Kurt Masur aurait pu céder à la facilité en ne dirigeant que des valses issues des ballets de Tchaïkovski: Le Lac des cygnes en compte six à lui seul, Casse-Noisette cinq dont la superbe «Valse des flocons de neige» (dans le deuxième tableau du premier acte)! Pourtant, dans une démarche très didactique de sa part, le chef allemand a souhaité rappeler au public que la valse trouvait également sa place dans les symphonies du maître russe. Qui se souvient en effet que, derrière les accents triomphants des cors au début du premier mouvement de la Quatrième (1877), se profile une valse dont les trois temps sont marqués dès le départ par les timbales, le fameux rythme obsédant se doublant d’une forte noirceur et d’un évident dramatisme? Kurt Masur se sent ici davantage en terrain familier: cela se voit et, surtout, cela s’entend. Dirigeant peu, tenant fréquemment de sa main gauche la barre placée derrière lui sur le podium, il invite par sa main droite et surtout par quelques élans de son corps et, peut-on le supposer, par un regard plus ou moins directif, chaque musicien ou pupitre à entrer en scène: la confiance nouée au fil des ans tient ici de l’évidence et le résultat est splendide. On regrette d’ailleurs que ce ne soit pas l’intégralité de la symphonie qui soit donnée tant ce premier mouvement «in movimento di valse» s’avère convaincant, servi par un orchestre plus galvanisé que lors de la première partie. Ce tournant se confirme au fur et à mesure de l’avancée du programme, Masur conduisant avec beaucoup de lyrisme la valse qui tient lieu de troisième mouvement à la Cinquième symphonie (1888), abordant ensuite avec calme (hormis la section centrale, torturée et noire à l’instar du reste de l’œuvre) le deuxième mouvement de la Pathétique (1893) qui met magnifiquement en valeur les violoncelles du National.

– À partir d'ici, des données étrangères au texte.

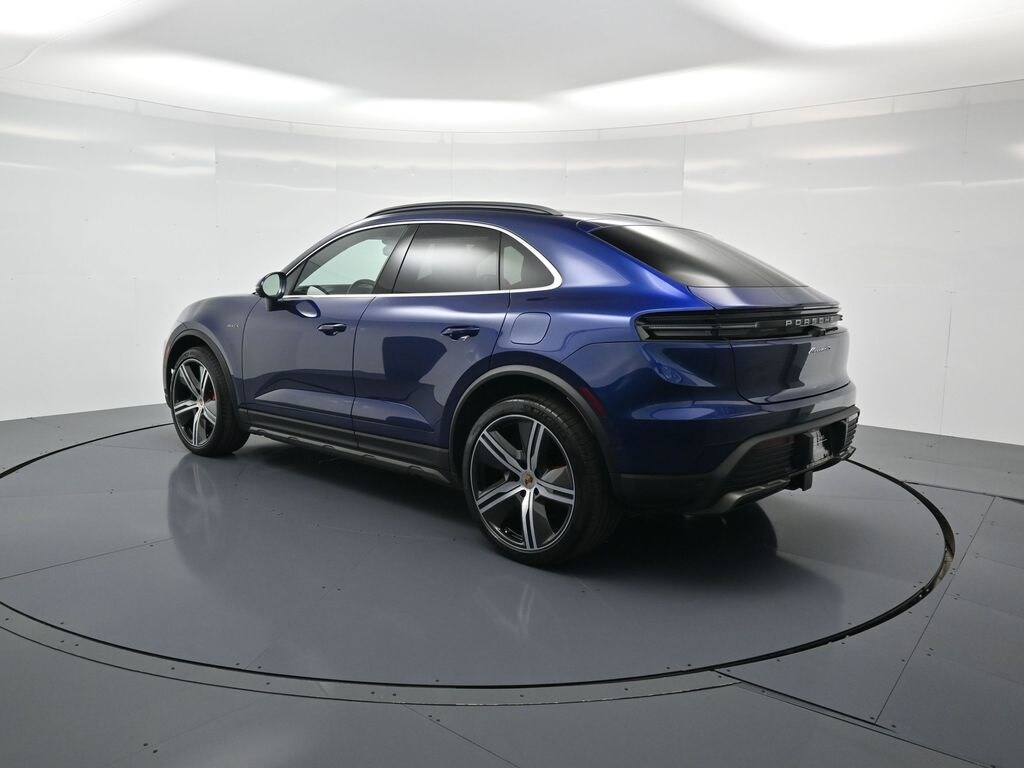 2025 Porsche Macan Electric photo 3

Elle était attendue: elle fut donnée en bis pour le plus grand plaisir de tous... Kurt Masur et l’Orchestre national de France achevèrent en effet ce beau voyage par la célèbre Valse tirée de la Sérénade pour cordes, les violons du National prouvant encore une fois leur grande valeur. Tradition oblige, c’est donc au bras de Sarah Nemtanu que Kurt Masur s’en alla, non sans avoir fait son petit signe habituel à l’adresse d’un public heureux qui pourra retrouver le chef allemand à la tête de l’Orchestre national de France dans Fidelio, en version de concert au Théâtre des Champs-Elysées, les 21 et 23 février prochains. Quant aux inconditionnels de Masur et de Tchaïkovski, ils pourront l’entendre diriger la Pathétique au début du mois de mai 2011 à la tête de l’Orchestre de Philadelphie et, au début du mois de juin, à la tête de l’Orchestre philharmonique d’Israël au cours d’une tournée à travers le pays.